16 Monitoring and alerting #
In SUSE Enterprise Storage 7, cephadm deploys a monitoring and alerting stack. Users need to either define the services (such as Prometheus, Alertmanager, and Grafana) that they want to deploy with cephadm in a YAML configuration file, or they can use the CLI to deploy them. When multiple services of the same type are deployed, a highly-available setup is deployed. The node exporter is an exception to this rule.
The following monitoring services can be deployed with cephadm:
Prometheus is the monitoring and alerting toolkit. It collects the data provided by Prometheus exporters and fires preconfigured alerts if predefined thresholds have been reached.
Alertmanager handles alerts sent by the Prometheus server. It deduplicates, groups, and routes the alerts to the correct receiver. By default, the Ceph Dashboard will automatically be configured as the receiver.
Grafana is the visualization and alerting software. The alerting functionality of Grafana is not used by this monitoring stack. For alerting, the Alertmanager is used.
Node exporter is an exporter for Prometheus which provides data about the node it is installed on. It is recommended to install the node exporter on all nodes.
The Prometheus Manager Module provides a Prometheus exporter to pass on Ceph
performance counters from the collection point in
ceph-mgr
.
The Prometheus configuration, including scrape targets
(metrics providing daemons), is set up automatically by cephadm. cephadm
also deploys a list of default alerts, for example health
error
, 10% OSDs down
, or pgs
inactive
.
By default, traffic to Grafana is encrypted with TLS. You can either supply your own TLS certificate or use a self-signed one. If no custom certificate has been configured before Grafana has been deployed, then a self-signed certificate is automatically created and configured for Grafana.

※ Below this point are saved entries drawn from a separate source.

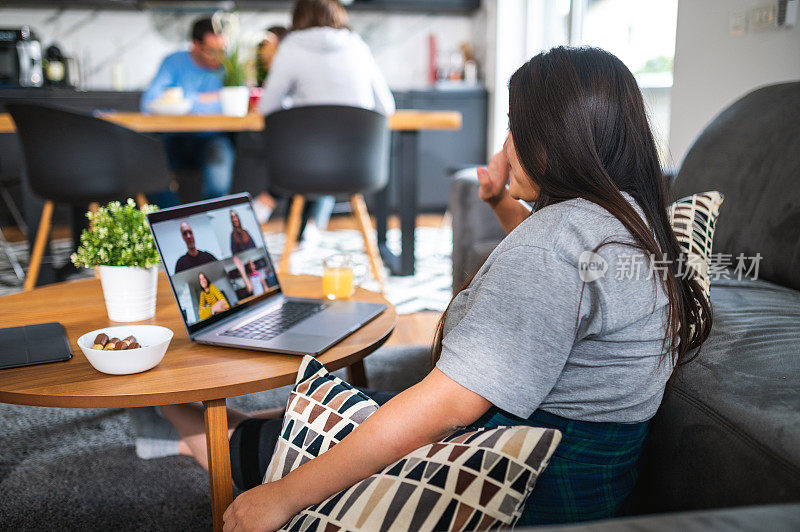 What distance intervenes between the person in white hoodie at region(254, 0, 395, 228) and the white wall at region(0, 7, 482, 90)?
2.46 m

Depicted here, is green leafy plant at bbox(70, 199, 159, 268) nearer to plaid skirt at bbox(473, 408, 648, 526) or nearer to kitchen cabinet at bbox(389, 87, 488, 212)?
plaid skirt at bbox(473, 408, 648, 526)

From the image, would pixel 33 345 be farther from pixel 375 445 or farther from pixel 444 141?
pixel 444 141

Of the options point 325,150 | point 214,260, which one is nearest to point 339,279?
point 214,260

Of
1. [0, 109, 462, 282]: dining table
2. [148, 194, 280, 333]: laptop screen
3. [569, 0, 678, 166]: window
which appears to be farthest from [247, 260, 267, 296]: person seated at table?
[569, 0, 678, 166]: window

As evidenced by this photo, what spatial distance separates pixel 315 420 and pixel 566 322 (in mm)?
354

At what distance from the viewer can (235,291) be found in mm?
1267

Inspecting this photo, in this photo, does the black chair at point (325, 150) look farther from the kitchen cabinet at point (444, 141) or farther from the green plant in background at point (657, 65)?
the kitchen cabinet at point (444, 141)

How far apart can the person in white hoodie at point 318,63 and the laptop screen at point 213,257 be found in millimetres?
1590

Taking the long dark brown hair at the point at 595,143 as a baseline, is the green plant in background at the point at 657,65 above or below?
above

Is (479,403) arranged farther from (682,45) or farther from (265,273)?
(682,45)

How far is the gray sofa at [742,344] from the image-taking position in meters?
0.84

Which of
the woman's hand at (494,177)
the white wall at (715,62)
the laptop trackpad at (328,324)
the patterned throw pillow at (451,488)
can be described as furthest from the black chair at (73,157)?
the patterned throw pillow at (451,488)

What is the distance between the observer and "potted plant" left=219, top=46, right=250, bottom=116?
3.01 metres

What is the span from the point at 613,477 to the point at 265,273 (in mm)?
801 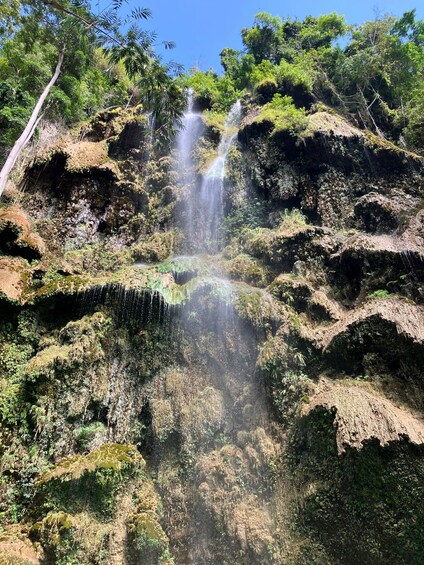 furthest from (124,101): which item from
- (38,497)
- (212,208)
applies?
(38,497)

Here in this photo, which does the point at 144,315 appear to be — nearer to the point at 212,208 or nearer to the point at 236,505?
the point at 236,505

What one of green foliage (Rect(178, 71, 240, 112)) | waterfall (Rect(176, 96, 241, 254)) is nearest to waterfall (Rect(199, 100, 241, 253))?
waterfall (Rect(176, 96, 241, 254))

You can configure custom certificates for Grafana by following these steps:
Configure certificate files:
cephuser@adm >
ceph config-key set mgr/cephadm/grafana_key -i $PWD/key.pemcephuser@adm >
ceph config-key set mgr/cephadm/grafana_crt -i $PWD/certificate.pemRestart the Ceph Manager service:
cephuser@adm >
ceph orch restart mgrReconfigure the Grafana service to reflect the new certificate paths and set the right URL for the Ceph Dashboard:
cephuser@adm >
ceph orch reconfig grafana
The Alertmanager handles alerts sent by the Prometheus server. It takes care of deduplicating, grouping, and routing them to the correct receiver. Alerts can be silenced using the Alertmanager, but silences can also be managed using the Ceph Dashboard.
We recommend that the Node exporter
is deployed on all nodes. This can be done using the
monitoring.yaml
file with the
node-exporter
service type. See
Section 8.3.8, “Deploying the monitoring stack” for more
information on deploying services.
16.1 Configuring custom or local images #
This section describes how to change the configuration of container images which are used when services are deployed or updated. It does not include the commands necessary to deploy or re-deploy services.
The recommended method to deploy the monitoring stack is by applying its specification as described in Section 8.3.8, “Deploying the monitoring stack”.
To deploy custom or local container images, the images need to be set in cephadm. To do so, you will need to run the following command:
cephuser@adm >
ceph config set mgr mgr/cephadm/OPTION_NAME VALUE
Where OPTION_NAME is any of the following names:
container_image_prometheus
container_image_node_exporter
container_image_alertmanager
container_image_grafana
If no option is set or if the setting has been removed, the following images are used as VALUE:
registry.suse.com/ses/7/ceph/prometheus-server:2.27.1
registry.suse.com/ses/7/ceph/prometheus-node-exporter:1.1.2
registry.suse.com/ses/7/ceph/prometheus-alertmanager:0.21.0
registry.suse.com/ses/7/ceph/grafana:7.3.1
For example:
cephuser@adm >
ceph config set mgr mgr/cephadm/container_image_prometheus prom/prometheus:v1.4.1
By setting a custom image, the default value will be overridden (but not overwritten). The default value changes when updates become available. By setting a custom image, you will not be able to update the component you have set the custom image for automatically. You will need to manually update the configuration (image name and tag) to be able to install updates.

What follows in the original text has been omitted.